At low coverages, the scaling often underestimates the lengths of spikes and sizes of halos. Thus, when your searches are within a few degrees of the ecliptic plane, make sure to examine the images to ensure that your sources are not spurious extractions on diffraction spikes or halos. At the other extreme (near the ecliptic poles), spike lengths are often overestimated despite the inclusion of high-elat scaling. If your searches are within a few degrees of the ecliptic poles, you may want to allow lower-case (contaminated) flags for diffraction spikes and halos.
- In the galactic plane, artifacts are often overflagged, due to the high background level in all bands. Our background scaling procedure somewhat mitigates this effect, but does not do a perfect job for the highest background levels. You may wish to allow contaminated (lower-case) flags for all artifacts if your search is within a degree or two of the galactic plane.

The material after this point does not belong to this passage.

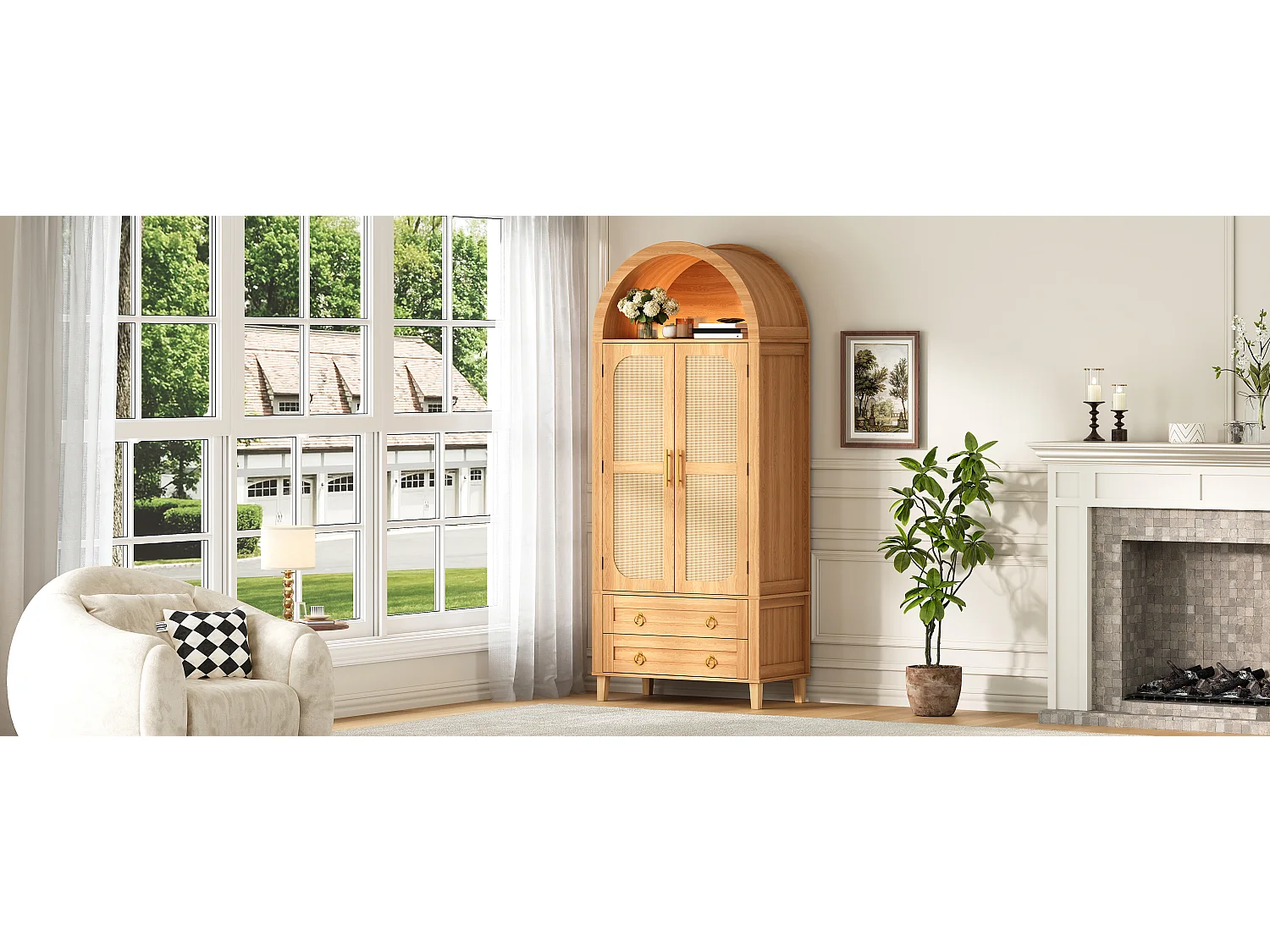 Buffet, armoire haute moderne cintrée - Éclairage LED - 2 portes aspect rotin + étagère de rangement + 2 tiroirs  - MDF - Naturel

- Treatment of near-ecliptic-pole diffraction spike lengths is NOT ideal, and does not completely account for shortening of diffraction spikes in this region. Spikes can be significantly overflagged within a few degrees of the ecliptic pole.
- Large (> 1 arcmin) fuzzy bright objects
surrounded by dark rings in the Si:As image data should always be presumed
to be short-term latents from a bright source on a previous image. Although
the size of the flagged region varies with parent and background brightness
in the all-sky catalog, the algorithm is tuned for point sources only.

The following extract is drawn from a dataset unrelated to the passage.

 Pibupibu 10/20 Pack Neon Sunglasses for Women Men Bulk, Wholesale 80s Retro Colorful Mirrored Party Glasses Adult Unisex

Resolved, saturated nebulae will certainly cause a larger region to be
affected on subsequent images than the automated pipeline will flag for latents.

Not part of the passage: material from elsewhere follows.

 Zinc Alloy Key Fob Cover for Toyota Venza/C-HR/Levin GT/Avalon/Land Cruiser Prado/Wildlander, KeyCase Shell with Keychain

In addition, W1 and W2 latents, while small, are underflagged for very bright
sources which saturate regions larger than 6 pixels in diameter. These
appear as a clump of equally bright pixels on a frame following one with
a saturated source on the same pixels.
The best way to confirm that a source is affected by a latent is to look
at the image and several preceding images.
- Glints appear, but are not flagged in the multiframe pipeline (which produces the atlas images and catalog). Examine your images, especially when your sources are known to be near bright objects!
- Glints appearing on the cross-scan sides of single-frames are not flagged.
- As noted above, glint flags are always lower-case. If your source has a 'g' flag, inspect the source on the image to make sure it is not a spurious extraction.
- In rare cases, a source may be bright enough that it produces a ghost which has a latent. These latents are not flagged. This occurrence is most common in Band 3
- In the case of very bright objects, the Band 3 images can sometimes show a vertical "bleed" from the source. Although these artifacts look like diffraction spikes, they are not flagged.
Last update: 2012 July 6